[Captioned web image data]
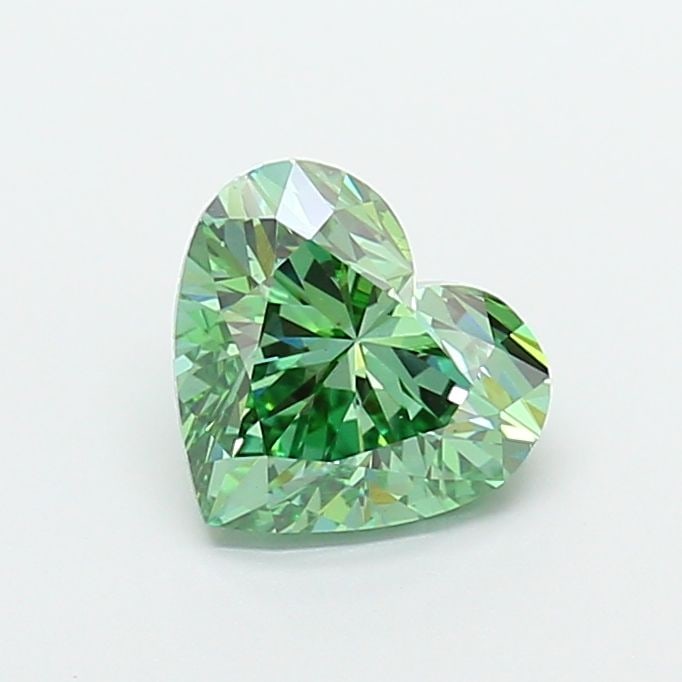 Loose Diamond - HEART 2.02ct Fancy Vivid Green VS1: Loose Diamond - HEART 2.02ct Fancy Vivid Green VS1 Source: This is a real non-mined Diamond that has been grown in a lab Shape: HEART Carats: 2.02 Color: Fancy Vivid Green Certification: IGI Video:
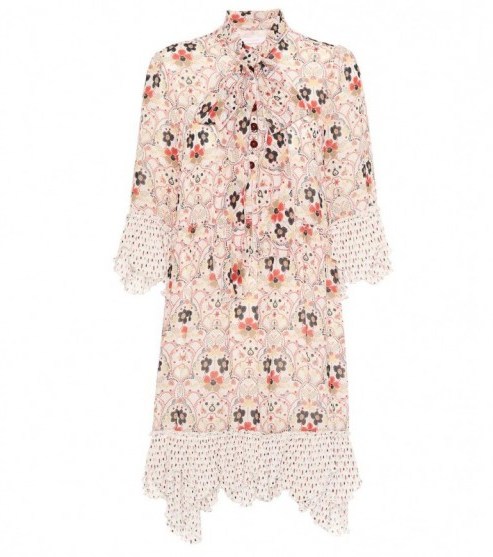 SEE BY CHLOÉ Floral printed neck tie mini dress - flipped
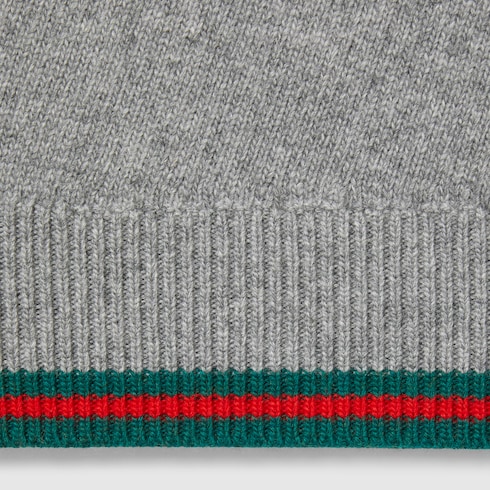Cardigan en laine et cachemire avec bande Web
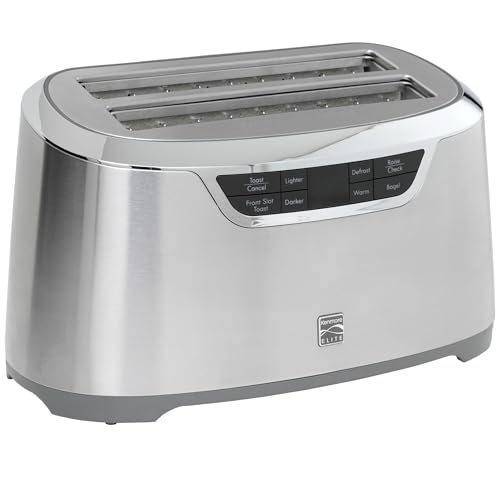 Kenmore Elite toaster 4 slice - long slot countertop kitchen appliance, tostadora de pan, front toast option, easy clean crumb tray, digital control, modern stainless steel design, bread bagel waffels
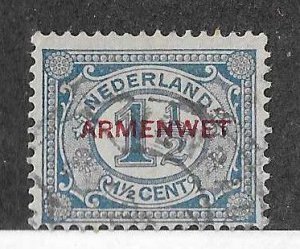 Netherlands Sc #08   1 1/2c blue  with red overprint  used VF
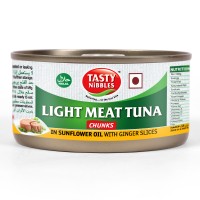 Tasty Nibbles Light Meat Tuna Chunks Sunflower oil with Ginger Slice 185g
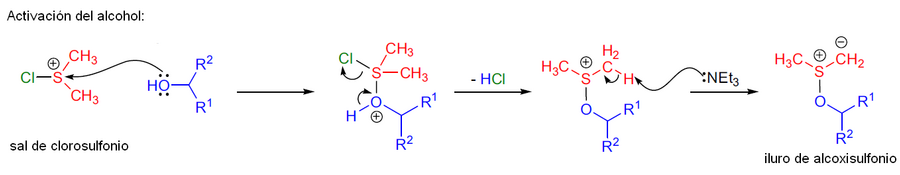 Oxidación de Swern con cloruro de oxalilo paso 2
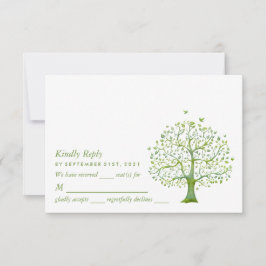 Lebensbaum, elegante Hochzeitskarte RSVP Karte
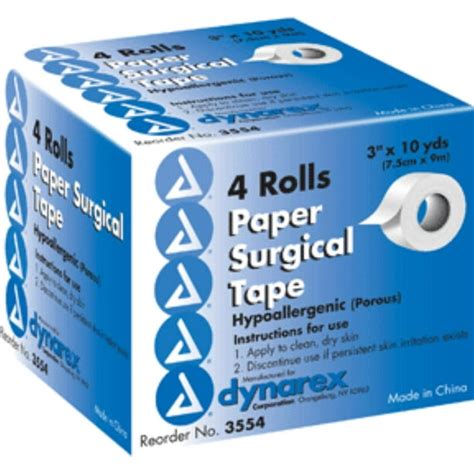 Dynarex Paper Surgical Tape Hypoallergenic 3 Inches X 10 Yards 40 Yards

WHAT YOU SHOULD DO
Starting at the line that contains "Kenmore Elite toaster", transcribe each line through the last one of the entries above, exactly and without pictures.

TASK RESPONSE
 Kenmore Elite toaster 4 slice - long slot countertop kitchen appliance, tostadora de pan, front toast option, easy clean crumb tray, digital control, modern stainless steel design, bread bagel waffels
 Netherlands Sc #08   1 1/2c blue  with red overprint  used VF
 Tasty Nibbles Light Meat Tuna Chunks Sunflower oil with Ginger Slice 185g
 Oxidación de Swern con cloruro de oxalilo paso 2
 Lebensbaum, elegante Hochzeitskarte RSVP Karte
 Dynarex Paper Surgical Tape Hypoallergenic 3 Inches X 10 Yards 40 Yards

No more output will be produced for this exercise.